The Machine Learning (ML) library for Flink is a new effort to bring scalable ML tools to the Flink
community. Our goal is is to design and implement a system that is scalable and can deal with
problems of various sizes, whether your data size is measured in megabytes or terabytes and beyond.
We call this library FlinkML.

An important concern for developers of ML systems is the amount of glue code that developers are
forced to write [1] in the process of implementing an end-to-end ML system. Our goal with FlinkML
is to help developers keep glue code to a minimum. The Flink ecosystem provides a great setting to
tackle this problem, with its scalable ETL capabilities that can be easily combined inside the same
program with FlinkML, allowing the development of robust pipelines without the need to use yet
another technology for data ingestion and data munging.

Another goal for FlinkML is to make the library easy to use. To that end we will be providing
detailed documentation along with examples for every part of the system.

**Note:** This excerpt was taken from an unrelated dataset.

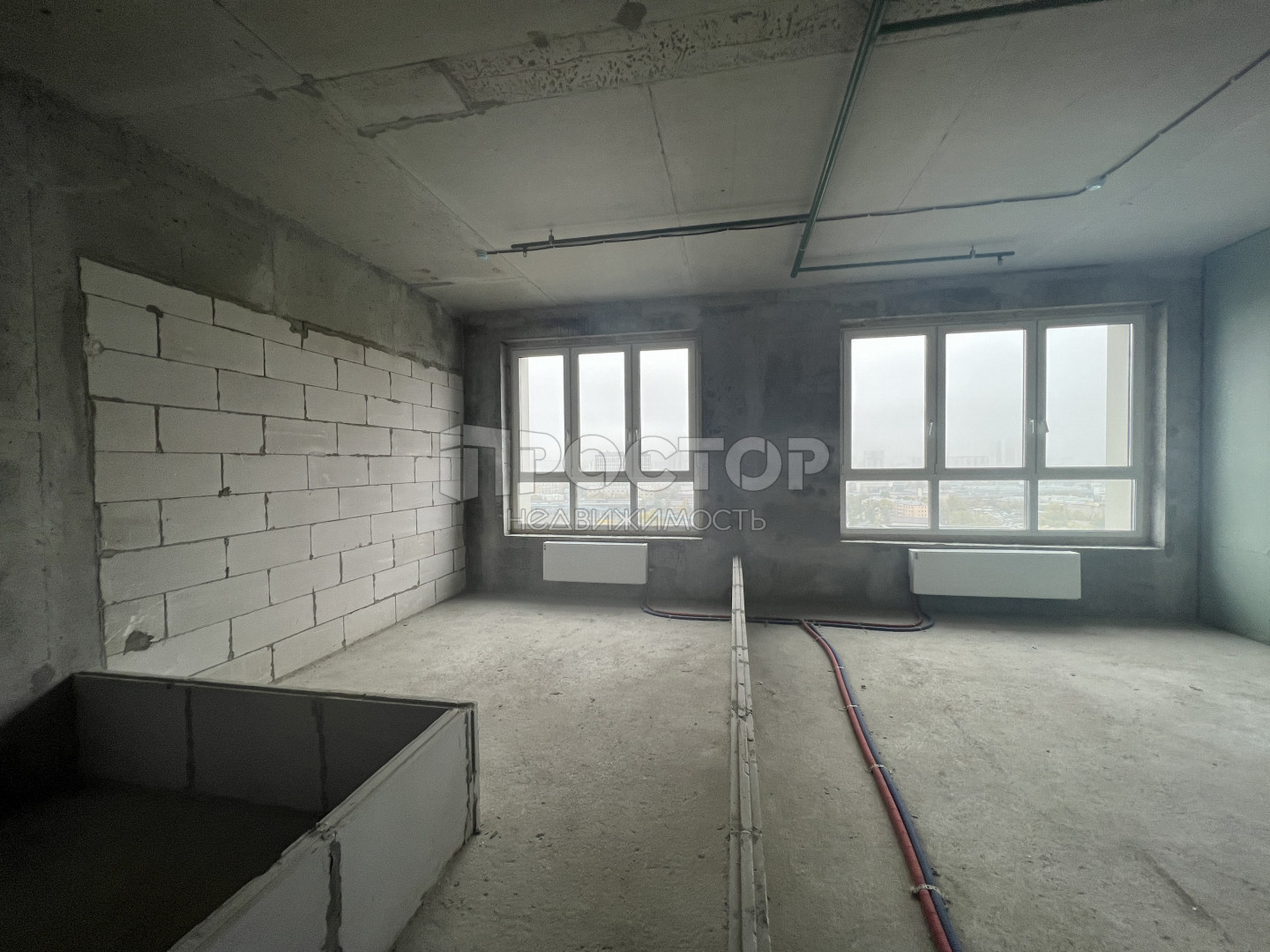 1-комнатная квартира, 37 м² - фото 7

Our aim is that developers
will be able to get started with writing their ML pipelines quickly, using familiar programming
concepts and terminology.

Contrary to other data-processing systems, Flink exploits in-memory data streaming, and natively
executes iterative processing algorithms which are common in ML. We plan to exploit the streaming
nature of Flink, and provide functionality designed specifically for data streams.

FlinkML will allow data scientists to test their models locally and using subsets of data, and then
use the same code to run their algorithms at a much larger scale in a cluster setting.

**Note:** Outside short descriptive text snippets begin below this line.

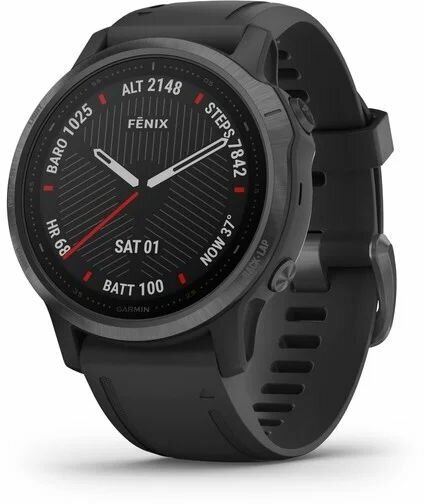 Garmin Fenix 6S Sapphire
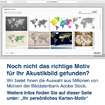 Noch nicht das richtige Motiv  für Ihr Akustikbild gefunden? Wir bietet Ihnen die Auswahl aus Millionen von Motiven der Bilddatenbank Adobe Stock. 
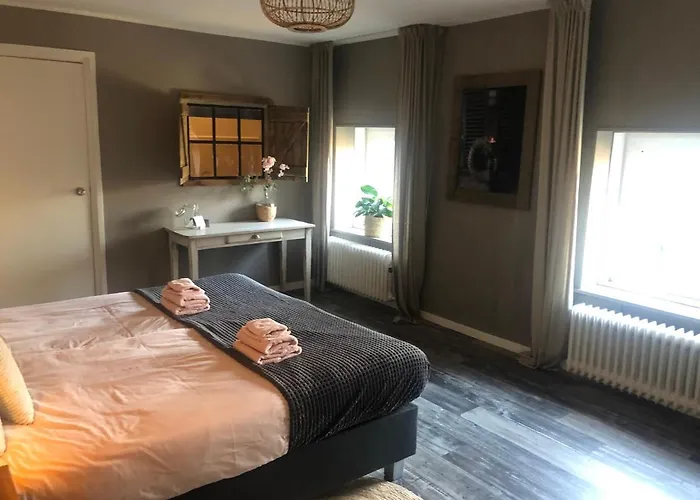 A Casa Nostra - Huiselijk En Gezellig Overnachten - Exclusief Ontbijt 3* ليمبورخ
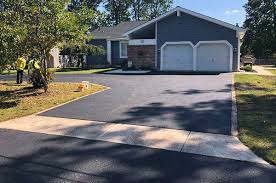 Best Driveway Overlay Services  in Genola, UT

We are inspired by other open source efforts to provide ML systems, in particular
scikit-learn for cleanly specifying ML pipelines, and Spark’s
MLLib for providing ML algorithms that scale with problem and
cluster sizes.

Roadmap

The roadmap below can provide an indication of the algorithms we aim to implement for the library.
Items in bold have already been implemented:

Pipelines of transformers and learners
Data pre-processing
- Feature scaling
- Polynomial feature base mapper
- Feature hashing
- Feature extraction for text
- Dimensionality reduction
Model selection and performance evaluation
- Model evaluation using a variety of scoring functions
- Cross-validation for model selection and evaluation
- Hyper-parameter optimization
Supervised learning
- Optimization framework
  - Stochastic Gradient Descent
  - L-BFGS
- Generalized Linear Models
  - Multiple linear regression
  - LASSO, Ridge regression
  - Multi-class Logistic regression
  - Random forests
  - Support Vector Machines
- Decision trees
Unsupervised learning
- Clustering
  - K-means clustering
- Principal Components Analysis
Recommendation
- ALS
Text analytics
- LDA
Statistical estimation tools
Distributed linear algebra
Streaming ML

How can I help?

Any contribution to the above roadmap is welcome! You can also check out the list of open issues
for FlinkML on JIRA, or send a message with your idea to the Flink developers list.

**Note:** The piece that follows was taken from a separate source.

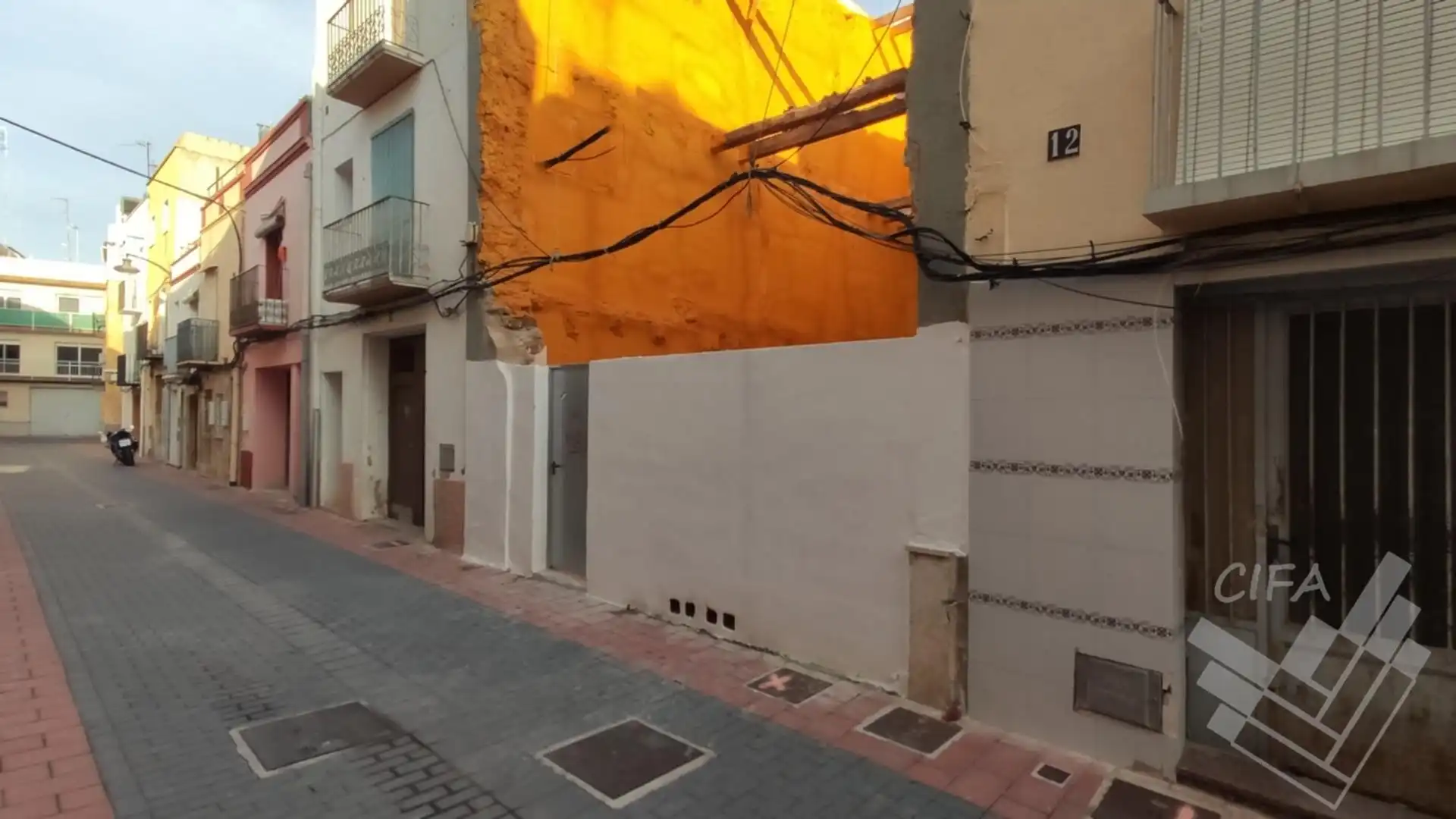 Vista exterior de Residencial en venta en Vinaròs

We recommend reading the FlinkML contribution guide before starting out, and definitely
subscribe and post a message on the Flink developers mailing list to introduce yourself!

References:

D. Sculley, G. Holt, D. Golovin, E. Davydov, T. Phillips, D. Ebner, V. Chaudhary,
and M. Young. Machine learning: The high interest credit card of technical debt. In SE4ML:
Software Engineering for Machine Learning (NIPS 2014 Workshop), 2014.